Dave -
To start with, I have to ask this. If you are going to winch it into the garage, and winch it out, is there any reason that it has to be backed in? Why not run it in forward? Then you simply attach your winch cable to the TM's normal hitch, and the whole question of where to attach a cable goes away.
Assuming you do have to back it in, my thinking goes like this.
First, it is obvious, I think, that the force needed to pull a weight up a ramp depends on the steepness of the ramp. If you have a very shallow ramp, it is easy to pull a weight up it, but if you have a steep ramp, it takes a lot of force to pull a weight up it.
In this specific case, you appear to have a 15 inch rise in 8 feet of run, so you have a ramp angle of about 9 degrees. If I have done the math right, this means that you will need a pulling force equal to about 15% of the weight of the trailer in order to pull it up the ramp. To be conservative, let's say your trailer weighs 3500 pounds. That means you will need a pulling force of 525 pounds to get it up the ramp.
This is clearly more than you are going to do by hand. And it is quite possibly more than one of the expensive electric trailer dollies will do for you, though I have no specs on those. So a winch is probably a good solution. [Note that you can't just screw the winch to the front wall of the garage - it will probably pull the wall out unless you brace it somehow.]
On the other hand, 525 pounds isn't really very much force when compared to the strength of the TM frame, and the stresses that it must bear in normal operation. So if you can apply this force to the frame members, I think you would be in good shape. I think I would get a nylon tow strap as mentioned by larsdennert, and either
a) loop it through the triangular skids, as Tim suggested. I believe that the skids are welded to the frame members. OR
b) loop it around the ends of the bumper, right where the bumper is welded to the frame, so that the pull is immediately transferred to the frame. Access to the bumper ends might not be as easy on a 2006 model as it was on the earlier models where the sewer hose was carried in the bumper.
Either way, the pulling force on each frame member is only half of 525 pounds, which is really pretty small. And make the loop nice and long, so that the forces on the strap itself are aligned more or less parallel to the trailer.
I'm not sure that I would pull it with a bumper hitch. The hitch can certainly take it, but I am concerned about the bumper itself. It is probably OK - 525 pounds doesn't seem like a big pullforce - but I am just not sure how much force it would take to bend the center of the bumper backward.

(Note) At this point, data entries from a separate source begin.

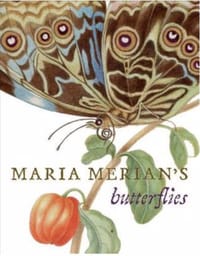 Maria Merian'S Butterflies  玛丽亚·梅里安的蝴蝶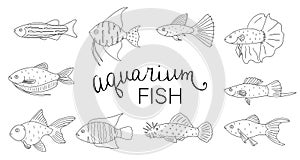 Vector black and white set of aquarium fish isolated on white background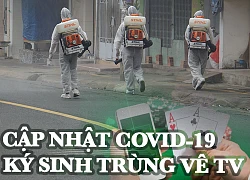 Thêm 7 ca nhiễm covid 19 mới;BTV VTV xin lỗi khán giả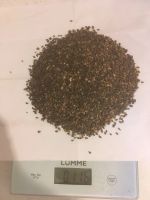 Лот: 15030771. Фото: 4. Семена голубой ели. Красноярск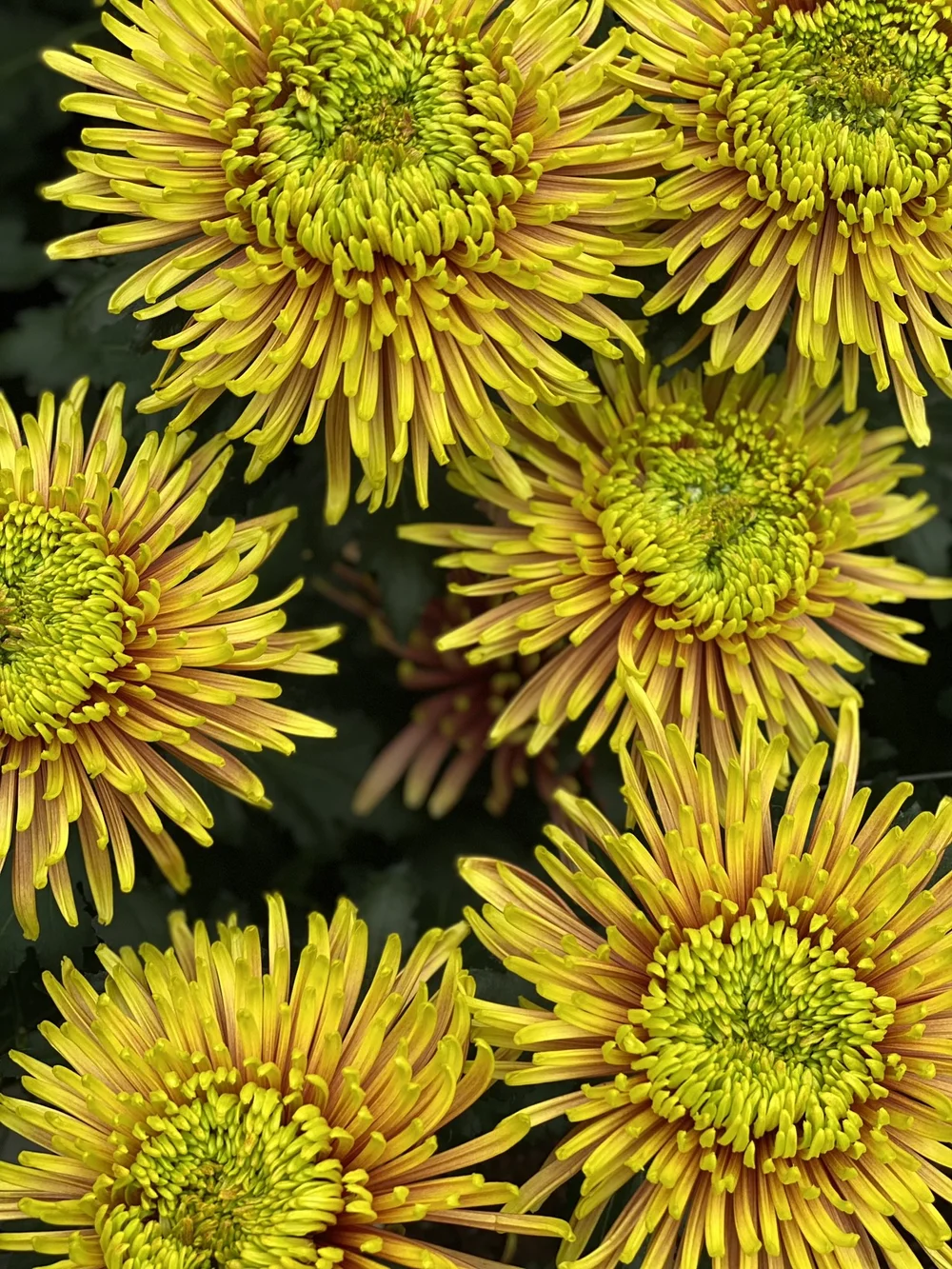 Delishow by Deliflor 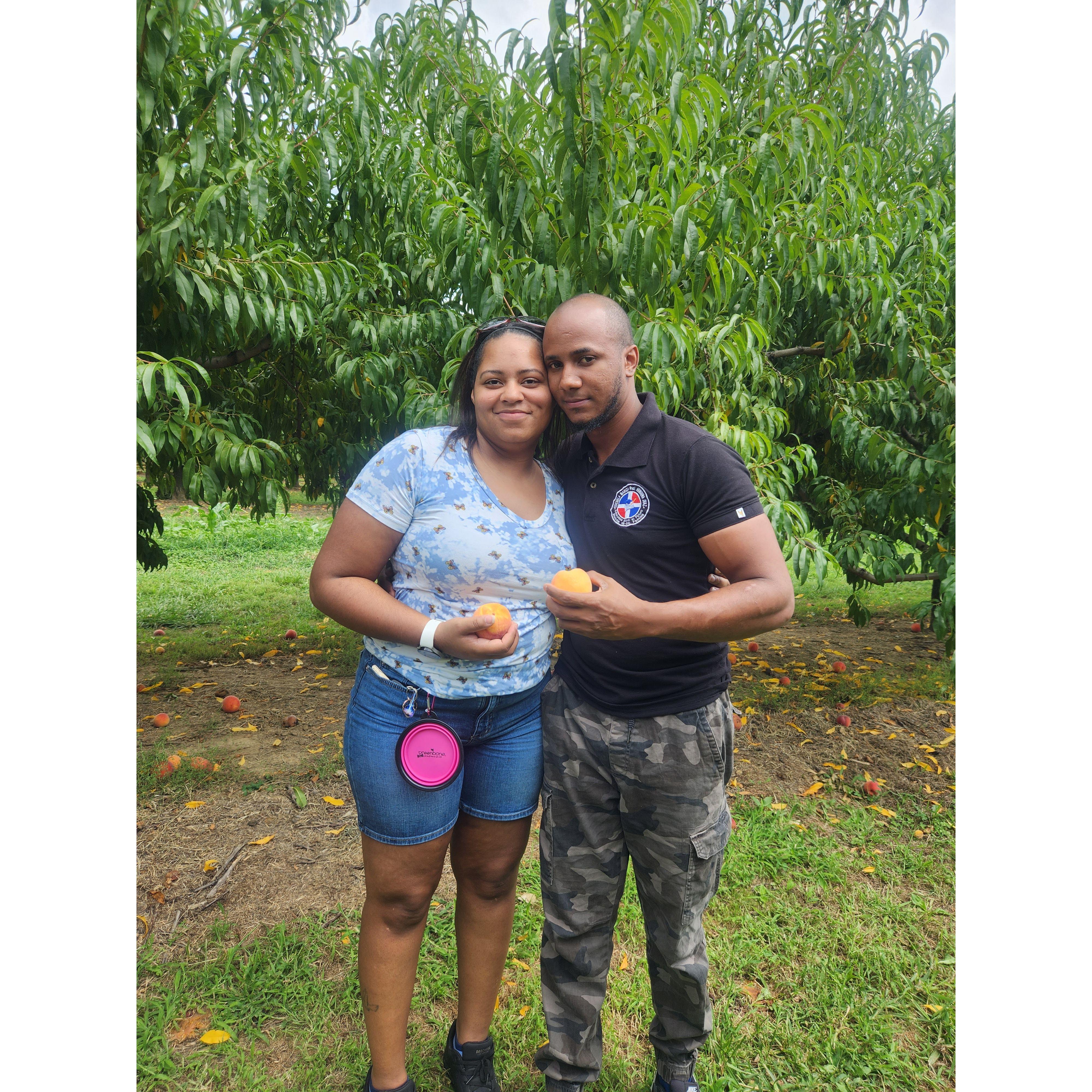 Peach picking is one of our favorite memories together!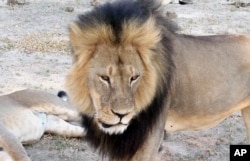 Cecil, singa yang dilindungi di Zimbabwe, di Taman Nasional Hwange, terlihat November 2012.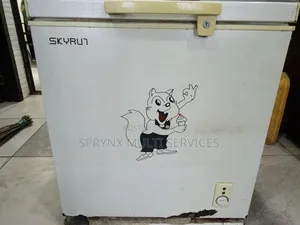 Skyrun Deep Freezer
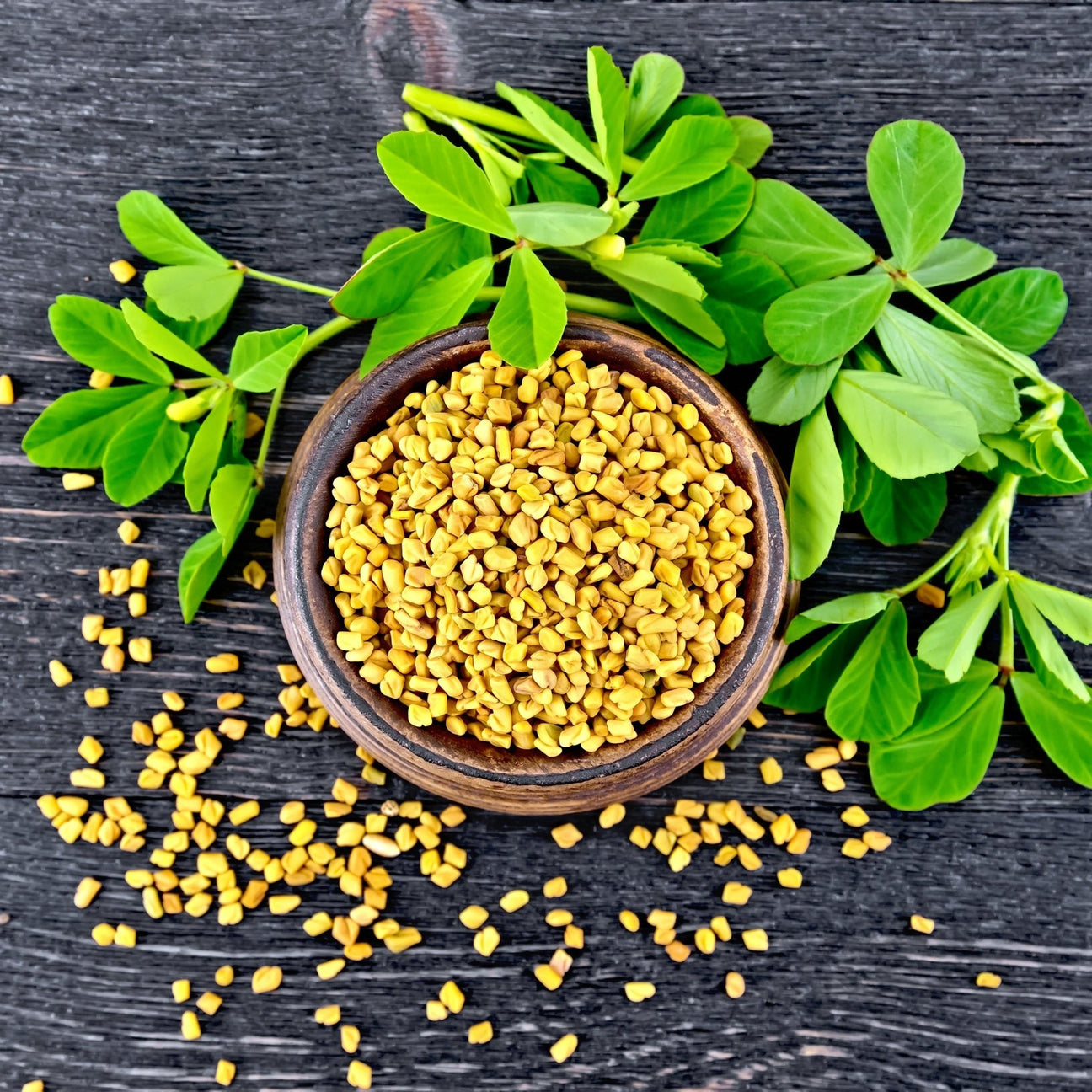 Fenugreek Seeds - Alliance of Native Seedkeepers - Herb Seeds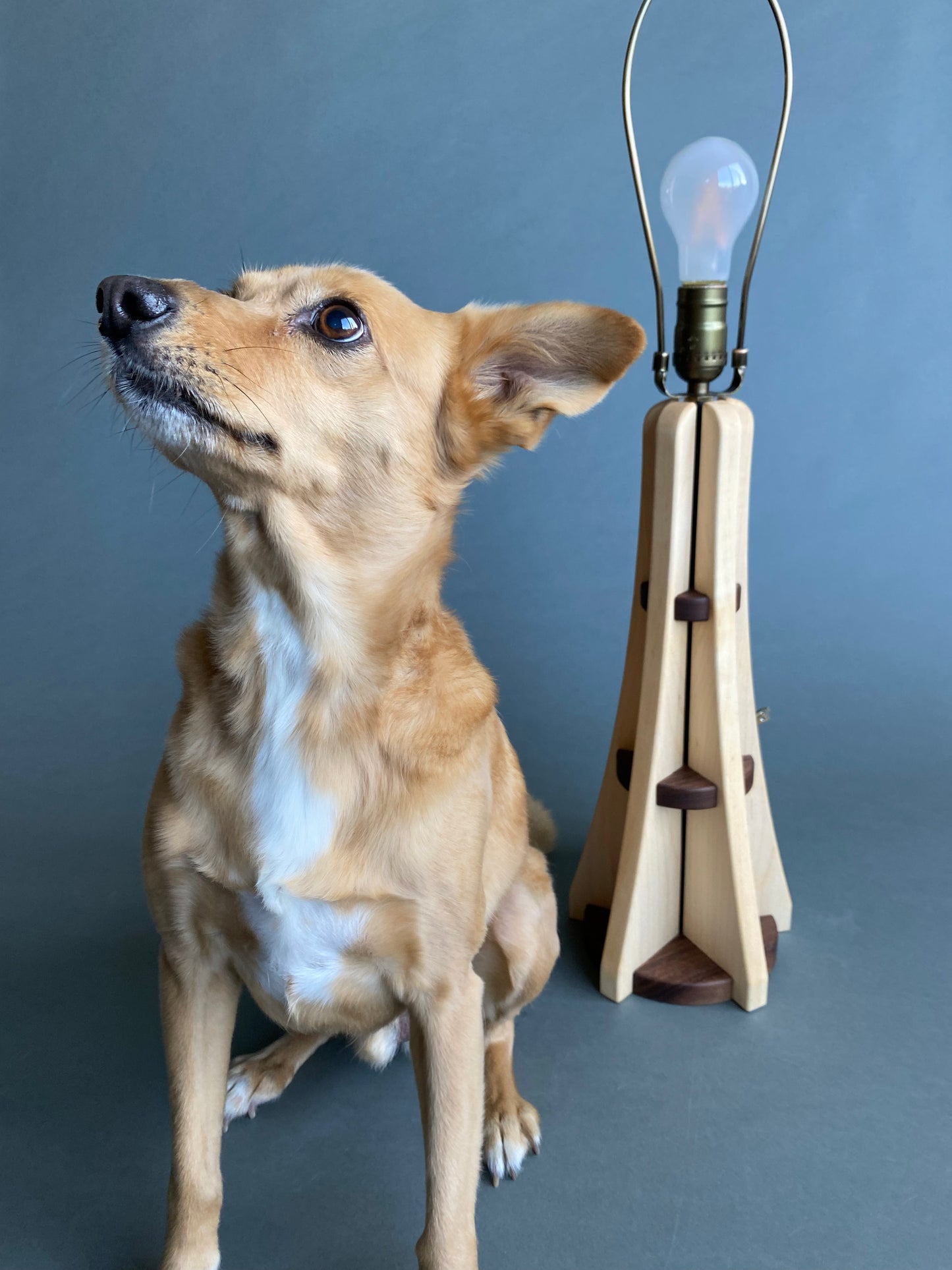 Handmade Hardwood Table Lamp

Finally, the breakaway switch is powered by the TM battery, so it should work even if the tow vehicle is disconnected. However, if the strap snaps or the winch breaks, and the trailer is suddenly running down the ramp loose, who is going to pull the cable? It would be a better idea to have someone moving some blocks right up behind the trailer wheels as you pull the trailer - at least until you've done it a couple times.